### The task
At the line with "a christmas arrangement", start repeating the data, and continue line by line through the final line, exactly.

### Records for this exercise
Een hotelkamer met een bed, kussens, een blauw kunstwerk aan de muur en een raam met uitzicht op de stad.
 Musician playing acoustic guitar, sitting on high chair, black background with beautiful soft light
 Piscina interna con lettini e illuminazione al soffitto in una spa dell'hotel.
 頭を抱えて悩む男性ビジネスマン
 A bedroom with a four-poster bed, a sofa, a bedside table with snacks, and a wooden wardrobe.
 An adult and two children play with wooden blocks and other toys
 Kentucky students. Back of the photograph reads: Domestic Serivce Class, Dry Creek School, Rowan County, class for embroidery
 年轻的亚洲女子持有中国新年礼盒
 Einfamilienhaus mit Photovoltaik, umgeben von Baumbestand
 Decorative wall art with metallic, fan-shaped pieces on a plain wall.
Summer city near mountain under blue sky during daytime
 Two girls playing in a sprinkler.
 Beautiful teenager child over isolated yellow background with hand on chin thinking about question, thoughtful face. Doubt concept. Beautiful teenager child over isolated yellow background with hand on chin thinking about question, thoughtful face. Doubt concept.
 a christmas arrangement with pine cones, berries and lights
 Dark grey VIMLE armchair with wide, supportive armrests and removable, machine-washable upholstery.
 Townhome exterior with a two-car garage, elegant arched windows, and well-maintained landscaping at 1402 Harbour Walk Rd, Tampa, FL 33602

### Finished task
 a christmas arrangement with pine cones, berries and lights
 Dark grey VIMLE armchair with wide, supportive armrests and removable, machine-washable upholstery.
 Townhome exterior with a two-car garage, elegant arched windows, and well-maintained landscaping at 1402 Harbour Walk Rd, Tampa, FL 33602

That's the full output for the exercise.